There is ample reason to be alarmed. Face recognition technology is riddled with bias and inaccuracies, and CBP’s program will likely result in harms ranging from missed flights to lengthy interrogations, or worse. And more broadly, face recognition technology threatens to supercharge Homeland Security’s abusive practices, which have included detaining and interrogating journalists reporting on border conditions, targeting travelers based on national origin, and terrorizing immigrant communities.

Here in the United States, DHS has already laid out — and begun implementing — a very clear plan to expand face surveillance.
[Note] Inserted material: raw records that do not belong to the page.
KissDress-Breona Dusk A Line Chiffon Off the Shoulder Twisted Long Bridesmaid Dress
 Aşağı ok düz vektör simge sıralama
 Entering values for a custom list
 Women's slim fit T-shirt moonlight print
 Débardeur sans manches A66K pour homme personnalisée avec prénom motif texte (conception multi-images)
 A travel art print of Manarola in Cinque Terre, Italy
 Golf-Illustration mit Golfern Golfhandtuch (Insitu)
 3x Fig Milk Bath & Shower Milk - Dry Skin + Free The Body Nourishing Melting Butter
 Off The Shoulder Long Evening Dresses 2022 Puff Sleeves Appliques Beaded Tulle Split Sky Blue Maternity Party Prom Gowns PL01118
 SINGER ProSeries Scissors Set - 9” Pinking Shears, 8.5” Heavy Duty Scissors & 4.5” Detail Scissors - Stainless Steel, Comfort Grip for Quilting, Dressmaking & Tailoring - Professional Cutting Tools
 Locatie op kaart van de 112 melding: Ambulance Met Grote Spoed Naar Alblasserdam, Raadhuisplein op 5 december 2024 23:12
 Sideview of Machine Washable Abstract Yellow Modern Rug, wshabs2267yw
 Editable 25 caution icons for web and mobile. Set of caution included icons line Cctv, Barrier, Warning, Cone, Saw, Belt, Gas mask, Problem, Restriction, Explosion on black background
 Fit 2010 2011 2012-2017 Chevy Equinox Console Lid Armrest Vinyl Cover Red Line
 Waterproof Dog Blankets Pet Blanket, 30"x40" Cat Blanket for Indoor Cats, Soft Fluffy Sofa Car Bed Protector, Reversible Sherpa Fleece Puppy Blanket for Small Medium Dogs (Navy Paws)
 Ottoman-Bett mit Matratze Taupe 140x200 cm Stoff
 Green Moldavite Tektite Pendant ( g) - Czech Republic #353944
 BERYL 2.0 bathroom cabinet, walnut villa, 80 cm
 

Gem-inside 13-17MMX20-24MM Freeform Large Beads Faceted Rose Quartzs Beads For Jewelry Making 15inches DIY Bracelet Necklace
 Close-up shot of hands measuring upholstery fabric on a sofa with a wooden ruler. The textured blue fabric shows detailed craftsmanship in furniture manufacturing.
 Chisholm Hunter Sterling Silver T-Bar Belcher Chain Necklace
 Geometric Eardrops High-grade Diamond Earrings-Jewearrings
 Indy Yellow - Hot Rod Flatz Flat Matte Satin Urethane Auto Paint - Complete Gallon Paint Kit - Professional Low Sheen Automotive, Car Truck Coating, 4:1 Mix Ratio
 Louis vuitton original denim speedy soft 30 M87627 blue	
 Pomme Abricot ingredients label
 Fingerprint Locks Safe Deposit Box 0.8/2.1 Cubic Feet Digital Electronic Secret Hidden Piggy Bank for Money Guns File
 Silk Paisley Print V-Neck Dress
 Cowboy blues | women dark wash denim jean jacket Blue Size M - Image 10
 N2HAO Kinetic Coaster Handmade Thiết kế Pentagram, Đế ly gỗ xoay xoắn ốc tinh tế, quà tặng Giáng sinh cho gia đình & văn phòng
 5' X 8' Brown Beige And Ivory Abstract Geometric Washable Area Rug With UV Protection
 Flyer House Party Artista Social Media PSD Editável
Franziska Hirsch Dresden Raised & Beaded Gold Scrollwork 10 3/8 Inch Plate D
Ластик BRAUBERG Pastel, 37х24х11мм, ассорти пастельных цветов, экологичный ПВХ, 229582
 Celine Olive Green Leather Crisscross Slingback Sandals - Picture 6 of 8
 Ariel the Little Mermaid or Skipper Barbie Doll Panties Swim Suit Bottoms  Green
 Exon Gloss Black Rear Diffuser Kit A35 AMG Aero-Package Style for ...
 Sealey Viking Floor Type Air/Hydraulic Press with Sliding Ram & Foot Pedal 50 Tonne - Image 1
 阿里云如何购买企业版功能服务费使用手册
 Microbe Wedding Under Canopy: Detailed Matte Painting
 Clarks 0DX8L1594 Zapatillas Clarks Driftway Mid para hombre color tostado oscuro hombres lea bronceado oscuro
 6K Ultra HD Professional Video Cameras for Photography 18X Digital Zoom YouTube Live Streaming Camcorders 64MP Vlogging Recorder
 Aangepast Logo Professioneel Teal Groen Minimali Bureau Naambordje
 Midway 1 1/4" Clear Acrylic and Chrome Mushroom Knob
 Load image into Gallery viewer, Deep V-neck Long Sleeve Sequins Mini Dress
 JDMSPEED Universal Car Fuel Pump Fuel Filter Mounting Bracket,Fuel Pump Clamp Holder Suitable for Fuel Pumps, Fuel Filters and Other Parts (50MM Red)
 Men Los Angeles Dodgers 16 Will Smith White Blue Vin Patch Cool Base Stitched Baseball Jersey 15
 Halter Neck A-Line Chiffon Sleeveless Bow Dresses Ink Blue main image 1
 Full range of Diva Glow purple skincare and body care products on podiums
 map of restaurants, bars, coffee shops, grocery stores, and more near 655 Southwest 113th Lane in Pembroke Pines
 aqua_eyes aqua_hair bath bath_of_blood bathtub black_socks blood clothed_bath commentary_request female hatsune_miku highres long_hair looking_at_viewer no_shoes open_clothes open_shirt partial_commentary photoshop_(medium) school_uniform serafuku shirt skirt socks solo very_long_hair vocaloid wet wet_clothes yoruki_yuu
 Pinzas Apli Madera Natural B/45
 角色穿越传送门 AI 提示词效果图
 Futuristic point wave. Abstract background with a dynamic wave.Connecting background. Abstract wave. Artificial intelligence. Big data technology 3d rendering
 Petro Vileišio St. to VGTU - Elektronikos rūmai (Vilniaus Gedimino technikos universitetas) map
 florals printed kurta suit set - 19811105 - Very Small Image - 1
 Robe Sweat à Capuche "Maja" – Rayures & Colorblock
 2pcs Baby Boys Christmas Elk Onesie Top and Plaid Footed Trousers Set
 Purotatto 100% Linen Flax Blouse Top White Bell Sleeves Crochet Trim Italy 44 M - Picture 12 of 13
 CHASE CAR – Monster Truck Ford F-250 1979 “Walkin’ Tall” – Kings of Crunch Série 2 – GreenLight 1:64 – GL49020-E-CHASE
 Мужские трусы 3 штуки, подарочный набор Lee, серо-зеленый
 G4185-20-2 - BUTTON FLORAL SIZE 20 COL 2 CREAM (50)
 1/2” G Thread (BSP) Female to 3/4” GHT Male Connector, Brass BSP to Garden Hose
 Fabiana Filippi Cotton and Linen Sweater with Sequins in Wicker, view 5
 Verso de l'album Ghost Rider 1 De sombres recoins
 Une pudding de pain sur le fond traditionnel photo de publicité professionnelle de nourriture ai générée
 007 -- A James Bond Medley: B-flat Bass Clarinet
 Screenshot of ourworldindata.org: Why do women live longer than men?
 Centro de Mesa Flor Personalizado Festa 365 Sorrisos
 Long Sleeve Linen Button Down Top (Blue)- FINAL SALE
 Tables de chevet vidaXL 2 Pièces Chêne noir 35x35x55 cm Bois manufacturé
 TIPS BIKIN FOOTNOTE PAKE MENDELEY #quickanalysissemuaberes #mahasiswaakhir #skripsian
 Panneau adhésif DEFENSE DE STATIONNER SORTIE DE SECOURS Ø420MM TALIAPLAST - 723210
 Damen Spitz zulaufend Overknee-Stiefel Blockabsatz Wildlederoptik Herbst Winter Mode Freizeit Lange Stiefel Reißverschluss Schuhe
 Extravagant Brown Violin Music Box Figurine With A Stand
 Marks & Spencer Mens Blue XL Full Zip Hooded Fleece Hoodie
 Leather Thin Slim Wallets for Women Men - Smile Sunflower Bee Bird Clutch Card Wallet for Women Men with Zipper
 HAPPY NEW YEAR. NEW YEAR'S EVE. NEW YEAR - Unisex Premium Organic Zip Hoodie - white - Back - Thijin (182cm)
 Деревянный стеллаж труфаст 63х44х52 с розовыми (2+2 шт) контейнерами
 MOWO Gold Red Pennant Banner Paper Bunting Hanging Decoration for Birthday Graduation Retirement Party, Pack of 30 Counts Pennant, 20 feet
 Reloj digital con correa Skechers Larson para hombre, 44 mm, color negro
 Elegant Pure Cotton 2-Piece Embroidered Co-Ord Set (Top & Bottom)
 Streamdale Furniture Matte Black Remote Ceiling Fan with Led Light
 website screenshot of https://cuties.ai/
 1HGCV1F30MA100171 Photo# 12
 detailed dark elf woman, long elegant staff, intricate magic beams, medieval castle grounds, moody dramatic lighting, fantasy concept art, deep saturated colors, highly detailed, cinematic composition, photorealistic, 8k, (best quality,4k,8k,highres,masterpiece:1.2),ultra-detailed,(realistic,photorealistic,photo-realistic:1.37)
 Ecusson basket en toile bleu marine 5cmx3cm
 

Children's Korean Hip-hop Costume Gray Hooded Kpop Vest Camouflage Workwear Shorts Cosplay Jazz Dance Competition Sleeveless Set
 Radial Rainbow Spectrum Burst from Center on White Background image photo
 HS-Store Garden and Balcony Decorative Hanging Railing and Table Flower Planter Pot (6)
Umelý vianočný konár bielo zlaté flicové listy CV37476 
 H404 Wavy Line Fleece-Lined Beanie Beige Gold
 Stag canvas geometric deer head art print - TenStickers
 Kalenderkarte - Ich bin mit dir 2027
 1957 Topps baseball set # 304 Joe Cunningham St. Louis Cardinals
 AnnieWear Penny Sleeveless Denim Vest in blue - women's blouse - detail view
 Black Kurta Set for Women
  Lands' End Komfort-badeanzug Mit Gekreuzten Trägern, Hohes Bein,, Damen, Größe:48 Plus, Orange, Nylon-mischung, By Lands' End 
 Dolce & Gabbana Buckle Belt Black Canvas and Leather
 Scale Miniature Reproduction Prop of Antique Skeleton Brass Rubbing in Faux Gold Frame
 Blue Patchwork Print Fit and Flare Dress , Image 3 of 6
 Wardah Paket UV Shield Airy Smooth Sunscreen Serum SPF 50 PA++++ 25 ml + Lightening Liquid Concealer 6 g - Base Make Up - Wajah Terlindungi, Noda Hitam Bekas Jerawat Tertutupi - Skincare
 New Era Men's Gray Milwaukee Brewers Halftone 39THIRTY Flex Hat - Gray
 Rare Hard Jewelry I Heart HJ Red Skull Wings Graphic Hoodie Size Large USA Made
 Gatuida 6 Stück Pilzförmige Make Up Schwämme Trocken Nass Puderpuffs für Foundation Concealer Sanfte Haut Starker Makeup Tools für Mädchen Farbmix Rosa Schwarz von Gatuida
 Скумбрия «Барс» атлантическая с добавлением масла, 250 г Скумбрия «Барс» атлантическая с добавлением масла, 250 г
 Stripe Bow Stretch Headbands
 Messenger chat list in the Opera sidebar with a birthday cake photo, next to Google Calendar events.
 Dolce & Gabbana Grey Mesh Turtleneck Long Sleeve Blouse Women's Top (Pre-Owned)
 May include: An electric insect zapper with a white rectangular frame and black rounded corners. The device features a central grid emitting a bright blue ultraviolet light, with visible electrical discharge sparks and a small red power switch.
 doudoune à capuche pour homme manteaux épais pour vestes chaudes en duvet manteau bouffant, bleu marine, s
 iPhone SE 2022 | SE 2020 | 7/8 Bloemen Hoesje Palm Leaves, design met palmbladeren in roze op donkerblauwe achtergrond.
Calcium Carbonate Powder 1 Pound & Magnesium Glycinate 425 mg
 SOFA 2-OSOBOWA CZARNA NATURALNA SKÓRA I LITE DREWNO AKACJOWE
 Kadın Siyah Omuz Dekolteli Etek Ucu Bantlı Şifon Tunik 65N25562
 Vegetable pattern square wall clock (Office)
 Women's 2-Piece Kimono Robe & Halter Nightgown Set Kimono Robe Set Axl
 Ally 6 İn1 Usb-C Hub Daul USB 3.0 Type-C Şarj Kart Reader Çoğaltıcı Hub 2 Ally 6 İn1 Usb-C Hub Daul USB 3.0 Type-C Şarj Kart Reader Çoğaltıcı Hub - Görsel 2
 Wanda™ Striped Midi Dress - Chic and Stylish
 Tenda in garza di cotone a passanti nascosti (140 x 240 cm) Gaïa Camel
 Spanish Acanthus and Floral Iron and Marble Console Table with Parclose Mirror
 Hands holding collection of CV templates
If we allow the agency to move forward with its plan, there are all too many reasons to think that will lead our society down a dangerous path.

Here is what that pathway looks like, in five steps:

1. Expanding CBP’s existing face recognition system to TSA checkpoints nationwide

CBP’s current program, called the Traveler Verification Service (TVS), is limited to international departure gates at a growing number of U.S. airports. Departing international passengers pose for a photograph at the aircraft gate. The photo is then compared to a pre-assembled gallery, stored in the cloud, of government mug shots (mostly passport and visa photos) of all the passengers registered for that flight. Face recognition is used to make sure the photo of the person posing matches someone in the gallery.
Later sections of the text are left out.